Nama  “X” pemberian Elijah ia kubur.  Padahal, “X” bagi Malcolm maupun Elijah adalah perwujudan budak-budak Afrika yang tidak dipedulikan ketika menginjakkan kaki di Amerika. Sedangkan “Little” nama kecilnya dipandang sebagai nama panggilan untuk budak.
     Malcolm yang sewaktu bocah dipanggil Rastus, teramat terkesan dengan ukhuwah Islamiyah yang dilihatnya di Mekkah.  Dakwahnya kemudian berputar haluan dari “Islam Rasialis” menjadi “Islam Silaturrahmi”.  Malcolm tidak lagi garang dengan menyisipkan superioritas ras hitam dalam khotbahnya.  Ia justeru memilih jalan non-violence (antikekerasan) sambil mengajarkan warga hitam untuk menghargai manusia sembari menghapus segala prasangka buruk.  Malcolm malahan
bercerita bahwa siapa saja yang bekerjasama dengannya, maka, mereka termasuk saudaranya.
     Perilaku Malcolm yang berubah drastis tersebut, dilihat lain oleh media massa.  Penyebar agama Islam yang efektif itu lalu digelari The Angriest Negro in America (Empu Penggerak Kerusuhan di Amerika).
     Untuk memperkuat persaudaraan sesama kulit hitam, Malcolm membentuk Black Nasionalists sebagai organisasi kesatuan Afro-America.  Malcolm mendirikan pula Muslim Mosque.  Istilah “mosque” dipakai untuk menggantikan sebutan “temple” atas saran utusan Mesir.
     Prestasi demi prestasi direguk Malcolm atas kegigihannya mendakwahkan energi Islam. Makin tinggi nama Malcolm, maka, kian kencang pula iri hati menerpanya.  Pada 13 Februari 1965, ia bersama keluarganya menyelamatkan diri akibat rumah mereka dilalap si jago merah.  Kobaran api tersebut dianggap ulah Black Moslem yang dimotori sendiri oleh Elijah.
     Puncak teror maut yang menimpa Malcolm terjadi pada 21 Februari 1965 di Audubon Ballroom, Harlem Teater.  Tubuhnya menggelepar akibat terkoyak oleh 16 peluru kaliber 45 yang muntah dari senjata angkuh tiga anggota Black Moslem.  Ia mati syahid di hadapan pengikutnya yang baru saja menjawab salamnya.
     Dalam hidupnya, Malcolm tak putus dirundung nasib tragis.  Saat masih dalam kandungan ibunya, ia sudah jeri oleh berondongan senjata api Ku Klux Klan.  Ketika itu, gerombolan anti-ras hitam berniat menyayat nyali Earl Little, sang bapak.
     Sesudah ayahnya dibunuh Black Legion, maka, Malcolm hidup berpindah-pindah.  Ia menetap di rumah yatim, keluarga asuh serta menghuni pusat rehabilitasi anak-anak nakal pada usia 12 tahun.  Setelah meninggal, nama tokoh radikal itu malahan digunakan untuk menakut-nakuti para bocah.
     Peninggalan Malcolm yang saat kecil bercita-cita menjadi pengacara itu hanya “petuah hikmah” berbunyi: “By all means necessary” (dengan segala cara yang perlu).  Di luar dugaan, sebagian pendukungnya justru menafsirkan secara gegabah “warisan mantra” tersebut.  Mereka memahaminya sebagai wacana untuk melakukan apa saja demi mengangkat harkat kulit hitam.  (Bersambung)

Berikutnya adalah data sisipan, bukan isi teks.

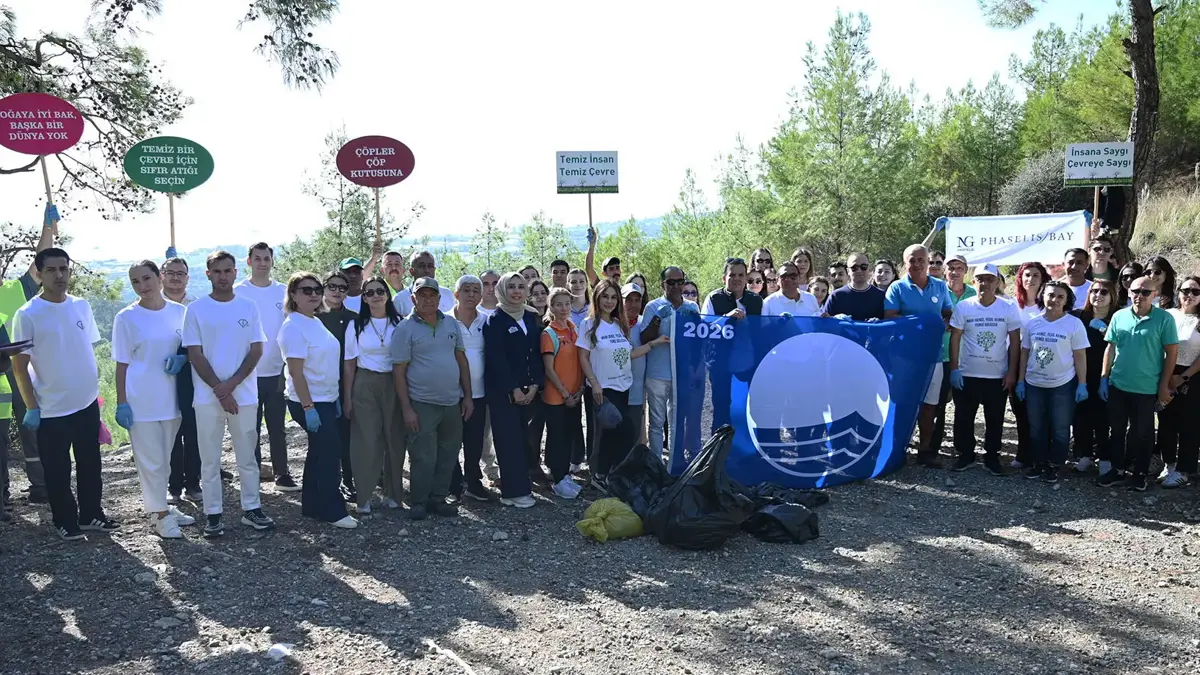 Kemer'de Çevre Temizliği Etkinliği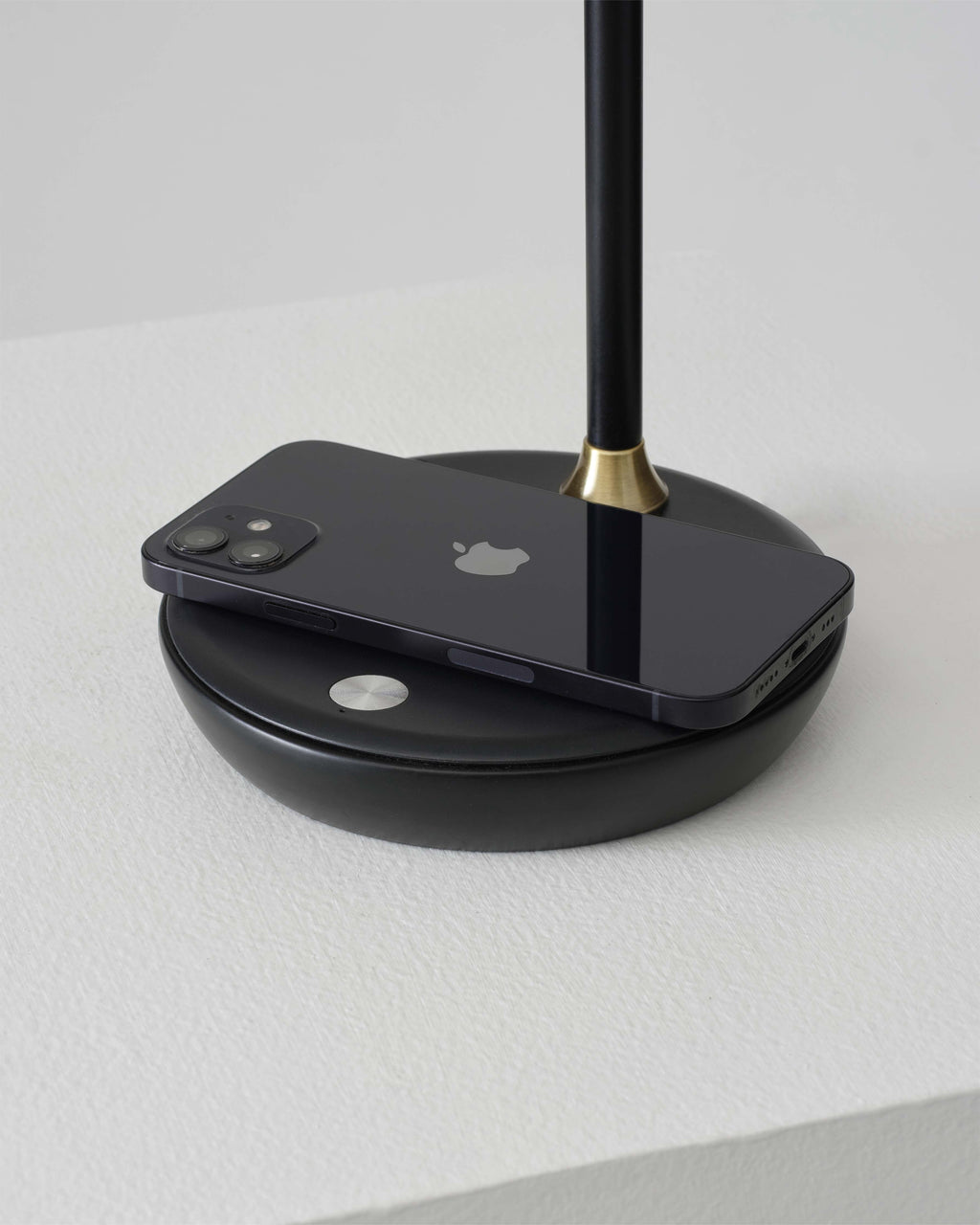 Ezra Table Lamp - Smart Ambient Lighting Comfort (Table Lamp, Indoor Lighting, Modern Desk Light)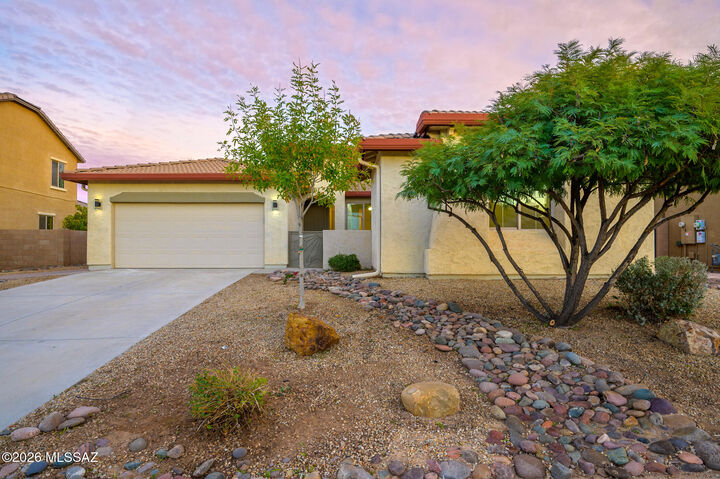 Property Photo:  12402 N Bufflehead Drive  AZ 85653 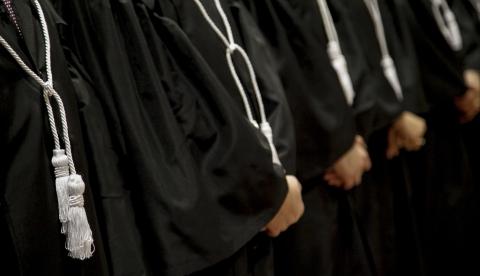 TJAM prorroga validade de concurso público para cargo de juiz 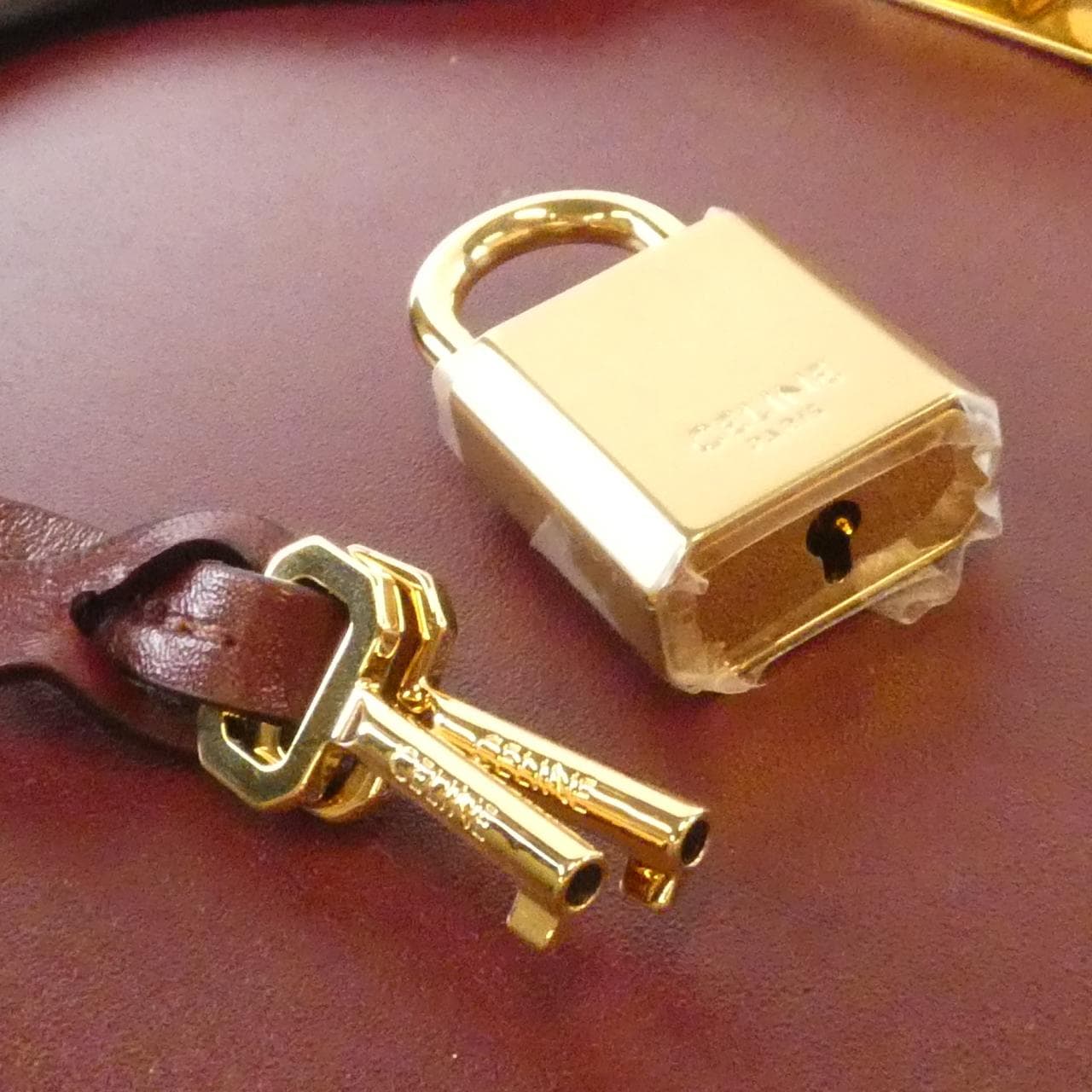 セリーヌ 16 ミディアム 187373BEY バッグ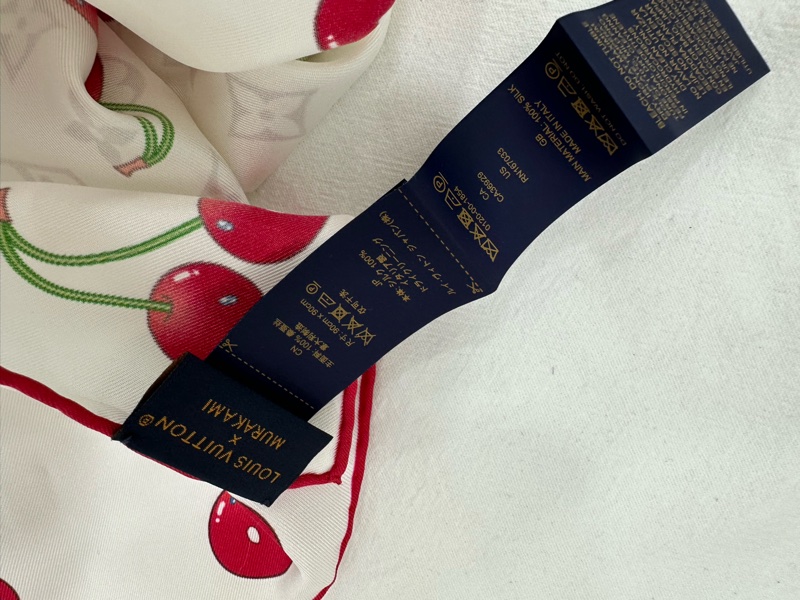 Louis Vuitton x 村上隆聯名櫻桃絲巾,白色F,90x90cm大方巾,桑蠶絲材質-5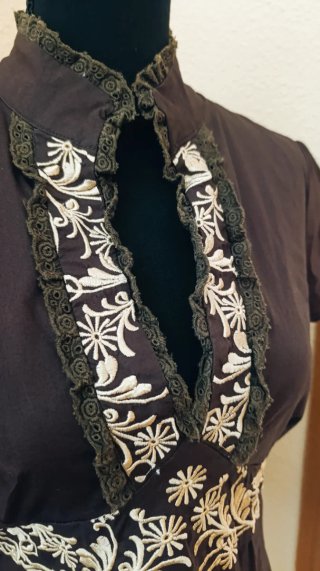 Blusa marrón bordada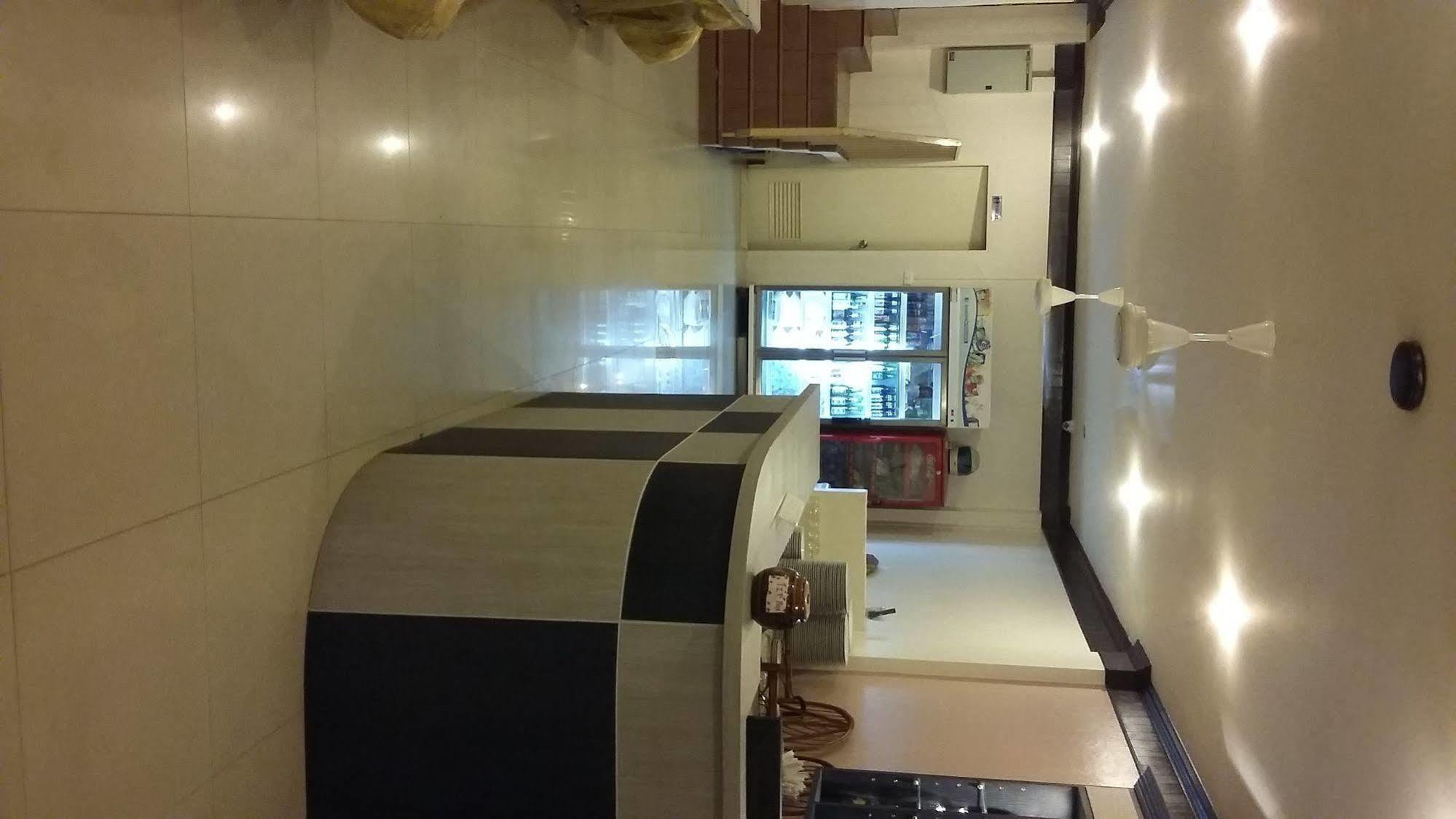 Hotel Sea Princess Patong Екстер'єр фото
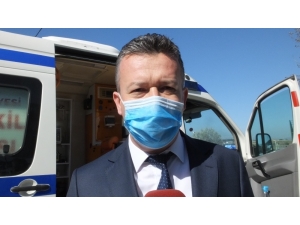 Burhaniye’de Belediye Ambulanslar İçin Dezenfekte Alanı Oluşturdu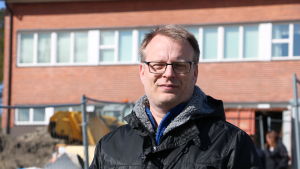 Ingen risk att någon i misstag tar in sig på byggområdet, säger rektorn Staffan Holmberg. En man med kort hår och glasögon. I bakgrunden syns en röd tegelbyggnad.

Abdul Haris Booegies  adalah Pemimpin Redaksi Majalah LEKTURA Universitas Hasanuddin

(PANJI MASYARAKAT NO.753 TAHUN XXXV, 28 SYAWAL, 8 ZULQAIDAH, 21-30 APRIL 1993)
 
Amerika 2000 dan Islam X
(Bagian terakhir dari dua tulisan)

Oleh Abdul Haris Booegies

     Amerika yang masyarakatnya terkenal memiliki civilized culture (budaya manusia modern), merupakan negara yang penduduknya terdiri atas pelbagai wajah campuran (meltingpot).  Aspek itu tertera pula pada lambang kedaulatan yang berbunyi e pluribus unum (dari banyak menjadi satu).
     Amerika, kini dihuni 29 juta jiwa penduduk kulit hitam, 17 juta keturunan Spanyol (Hispanik) serta tujuh juta keturunan Asia di seluruh Amrik menurut data resmi US Cencus Bureau.  Majalah Time edisi 9 April 1990, meramalkan bahwa pada tahun 2056, kulit putih bakal menjadi kelompok minoritas.  Pasalnya, data 1980 sampai 1988 menunjukkan tingkat pertumbuhan kulit hitam mencapai 13 persen.  Hispanik mencapai 32 persen dan keturunan Asia serta lainnya mencapai 55 persen.  Sedangkan bule cuma empat persen.
     Dalam kehidupan sebagai warga minoritas yang bergolongan lemah (dhu’afa), orang Negro banyak mengalami perlakuan diskriminasi.  Sepanjang sejarah sosial politik, mereka masih belum mendapatkan hak untuk mengikuti pemilihan umum.
     Representase dalam keanggotaan Kongres maupun Senat bagi Afro-America, juga sangat minim.  Padahal, dari segi hukum, persamaan hak sudah dijamin dalam amandemen Konstitusi Amerika yang diratifikasi semua negara bagian pada 1868.  Presiden Lyndon Baines Johnson lalu menegaskan lagi dalam Omnibus Civil Right Bill 1964, yang melarang semua bentuk diskriminasi.  Kendati secara hukum sudah dinaturalisasi untuk sama haknya, tetapi, dalam realitas kehidupan sehari-hari, mereka tetap disebut minority atau ethnic groups.  Hingga, fenomena kefrustrasian terus menguat dalam diri kulit hitam akibat asas double standart kaum kulit putih sebagai pihak mustakbirun (para penguasa).
     Sikap rasisme para bule yang mengakibatkan mencuatnya rasa frustasi warga Negro, berawal dari paham kuno tentang mitologi ras unggul.  Sebagai perlawanan untuk mengangkat wibawa, maka, kaum Nigger terus mencari lorong pelepasan kekesalan.  Sebab, mereka sudah jenuh oleh kecurigaan dan muak atas antipati ras kulit putih terhadap eksistensinya.  Alhasil, ada yang berkeyakinan bila “by all means necessary” (dengan segala cara yang perlu), yang diwariskan Malcolm X, pada hakikatnya merupakan inspirasi alternatif untuk meredam rasa frustasi.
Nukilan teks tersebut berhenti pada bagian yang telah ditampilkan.